1.2 What can Hystrix do

  • Service degradation
  • Service fusing
  • Near real-time monitoring

1.3 hystrix website

https://github.com/Netflix/Hystrix/wiki/How-To-Use

1.4 Hystrix official announcement, stop more dimension

2. Hystrix important concepts

Service degradation: the server is busy, please try again later, do not let the client wait and return a friendly prompt immediately



What are the downgrades?

Abnormal program running

timeout

Service fuse fault triggers service degradation

A full thread pool/semaphore can also cause service degradation



Service fuse: similar to the fuse reaches the maximum service access, directly deny access, pull the power limit, and then call the service degradation method and return a friendly prompt (service degradation -> then fuse -> restore the calling link)

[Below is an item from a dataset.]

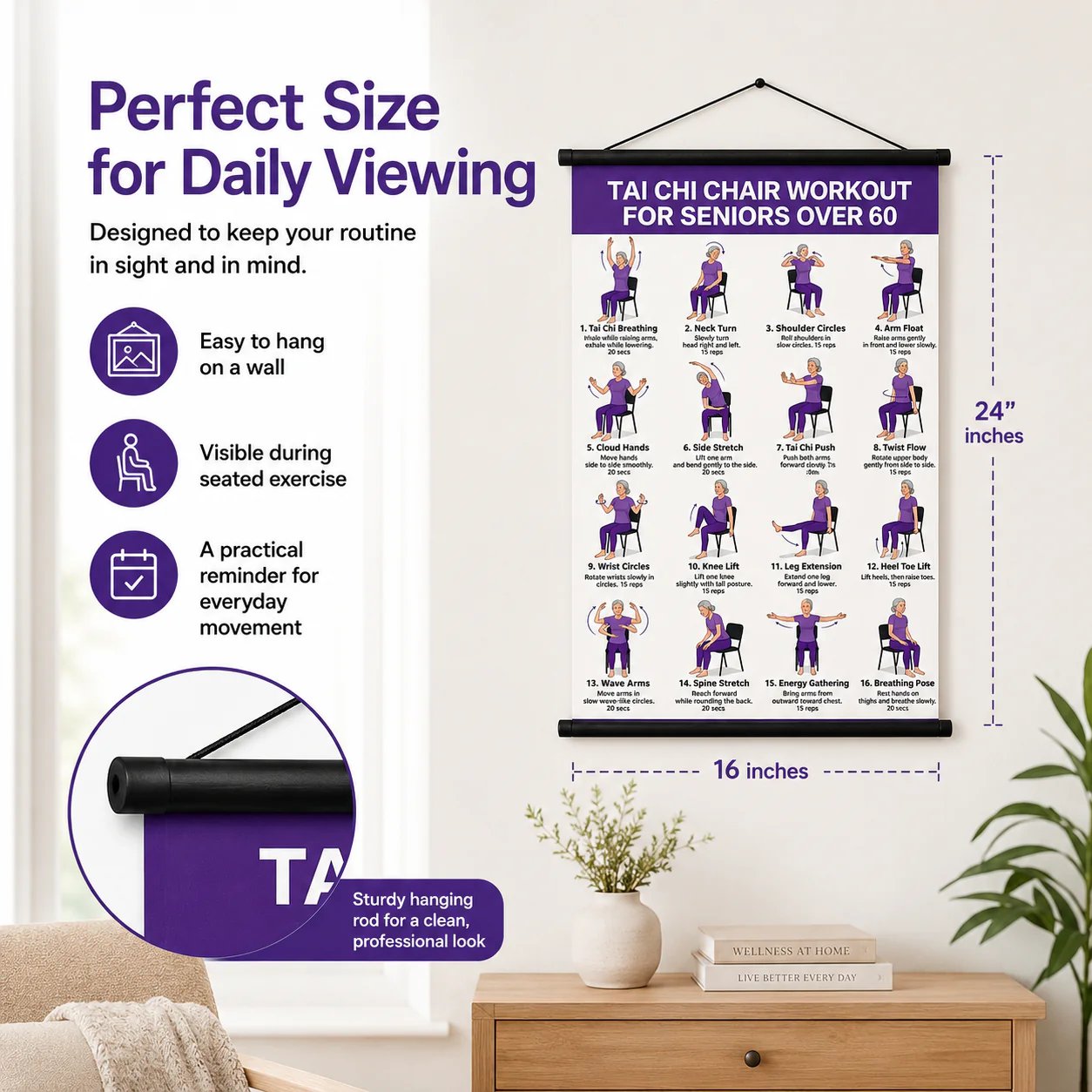 Seated activity poster wall display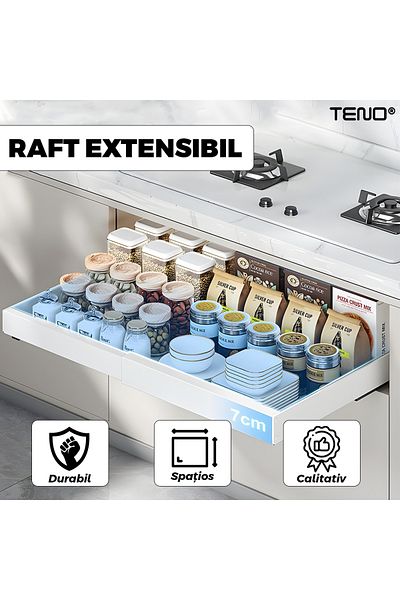 Teno Teno® Expandable Closet Organizer, high durability, large capacity, white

Service flow limit: second kill high concurrency and other operations, it is strictly prohibited to rush over crowded, everyone queue, N per second, orderly

Copy the code

3. Hystrix case

3.1 build

3.1.1 new cloud provider – hystrix – payment8001
3.1.2 Adding hystirx dependency to POM Files
<! -- hystrix -->

<dependency>

    <groupId>org.springframework.cloud</groupId>

    <artifactId>spring-cloud-starter-netflix-hystrix</artifactId>

</dependency>

Copy the code
3.1.3 yml file
server:

  port: 8001



spring:

  application:

    name: cloud-provider-hystrix-payment





eureka:

Client: # Register the client in the Eureka service list

    register-with-eureka: true# indicates whether to register yourself in eurekaServer. Defaulttrue

    fetch-registry: true# Whether to fetch the existing registration information from EurekaServertrueThe cluster must betrueTo use load balancing with the ribbon

    service-url:

      defaultZone: http://localhost:7001/eureka

Copy the code
3.1.4 Main boot class
@SpringBootApplication

@EnableEurekaClient

public class PaymentHystrixMain8001 {

    public static void main(String[] args) {

        SpringApplication.run(PaymentHystrixMain8001.class, args);

    }

}

Copy the code
3.1.5 business class

PaymentService

@Service

public class PaymentService {



    // Normal access

    public String paymentInfo_OK(Integer id){

        return "Thread pool :" + Thread.currentThread().getName()+"paymentInfo_OK,id:"+id+"\t";

    }



    public String paymentInfo_TimeOut(Integer id){

        try {

            Thread.sleep(3000);

        } catch (InterruptedException e) {

             e.printStackTrace();

        }

        return "Thread pool :" + Thread.currentThread().getName()+"paymentInfo_TimeOut,id:"+id+"\t";

    }

}

Copy the code

Controller

@RestController

@Slf4j

public class PaymentController {



    @Resource

    private PaymentService paymentService;



    @Value("${server.port}")

    private String serverPort;



    @GetMapping("/payment/hystrix/ok/{id}")

    public String paymentInfo_OK(@PathVariable("id") Integer id){

        String result = paymentService.paymentInfo_OK(id);

        log.info("****result:"+result);

        return result;

    }



    @GetMapping("/payment/hystrix/timeout/{id}")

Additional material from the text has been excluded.